:: What you need to do ::
An exact copy is needed of the lines from the one that contains "this 1024×682 image." through the final line of the data below, with pictures left out.
Start of Extracted material
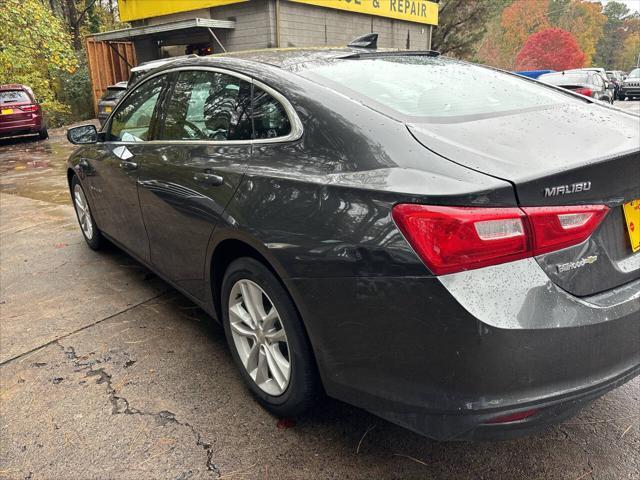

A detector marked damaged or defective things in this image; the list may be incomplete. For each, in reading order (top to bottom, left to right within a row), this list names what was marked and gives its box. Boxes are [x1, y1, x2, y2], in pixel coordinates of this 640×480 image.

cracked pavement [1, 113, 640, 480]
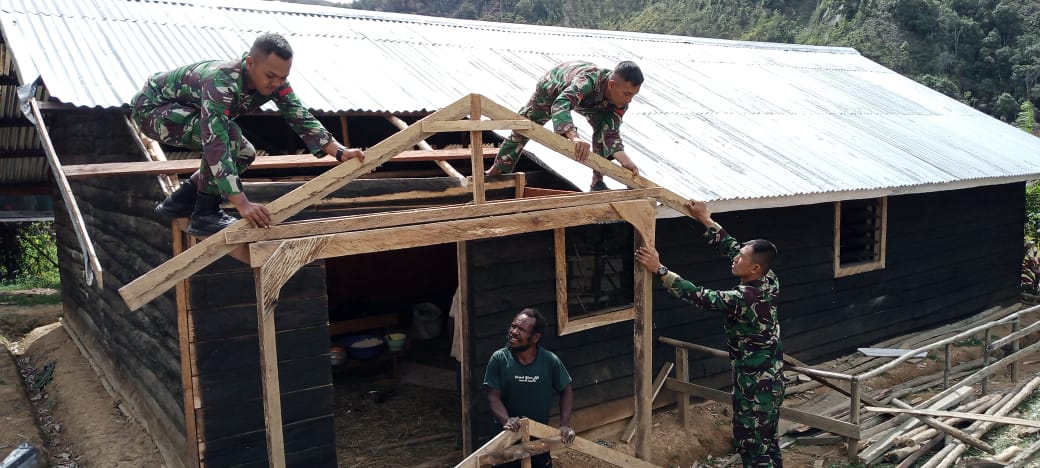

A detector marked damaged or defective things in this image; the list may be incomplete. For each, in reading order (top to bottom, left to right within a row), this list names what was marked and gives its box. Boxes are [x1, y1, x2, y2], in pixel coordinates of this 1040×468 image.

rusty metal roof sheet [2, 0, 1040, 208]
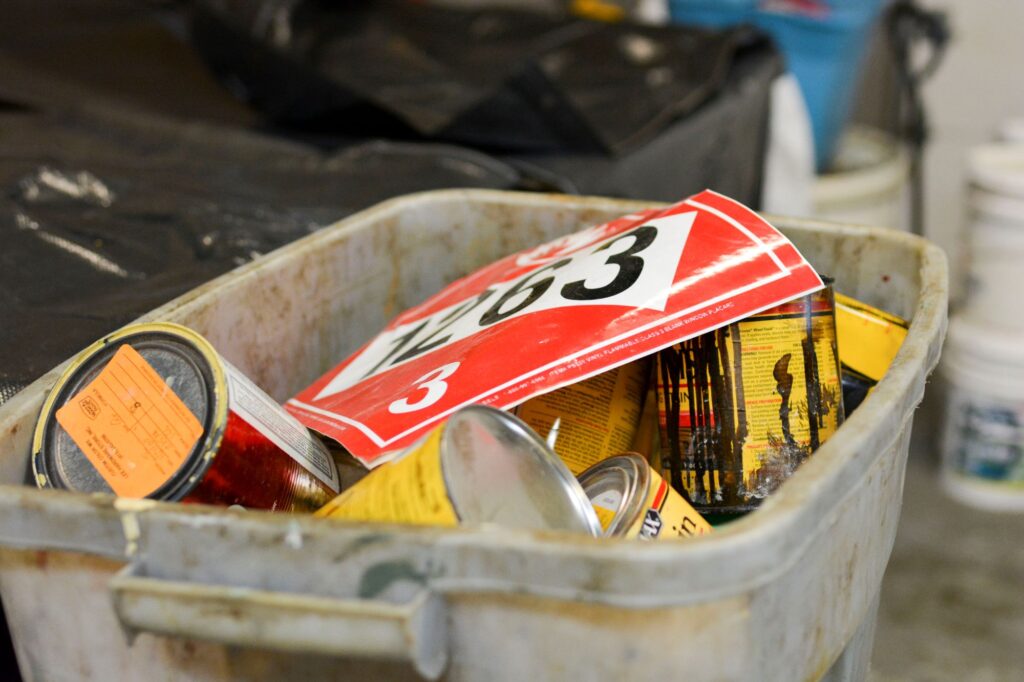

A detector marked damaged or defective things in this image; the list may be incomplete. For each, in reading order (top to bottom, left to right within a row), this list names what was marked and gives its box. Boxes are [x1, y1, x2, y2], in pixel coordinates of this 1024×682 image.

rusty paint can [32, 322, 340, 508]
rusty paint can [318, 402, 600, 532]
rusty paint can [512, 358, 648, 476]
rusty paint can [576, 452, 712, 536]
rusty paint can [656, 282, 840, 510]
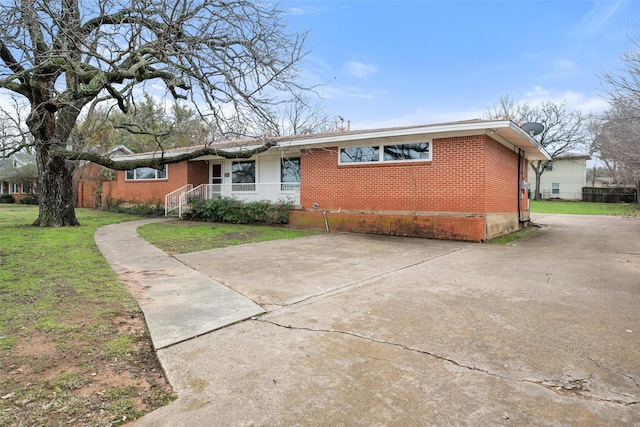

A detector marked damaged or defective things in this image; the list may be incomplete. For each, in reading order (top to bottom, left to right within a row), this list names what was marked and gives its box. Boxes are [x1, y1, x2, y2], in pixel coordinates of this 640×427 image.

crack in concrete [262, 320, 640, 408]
End of Extracted material
:: Solution to this exercise ::
A detector marked damaged or defective things in this image; the list may be incomplete. For each, in reading order (top to bottom, left to right within a row), this list names what was marked and gives its box. Boxes are [x1, y1, x2, y2], in pixel coordinates of this 1024×682 image.

rusty paint can [32, 322, 340, 508]
rusty paint can [318, 402, 600, 532]
rusty paint can [512, 358, 648, 476]
rusty paint can [576, 452, 712, 536]
rusty paint can [656, 282, 840, 510]

A detector marked damaged or defective things in this image; the list may be incomplete. For each, in reading order (top to bottom, left to right within a row), this list names what was marked and gives its box. Boxes are [x1, y1, x2, y2], in pixel coordinates of this 640×427 image.

crack in concrete [262, 320, 640, 408]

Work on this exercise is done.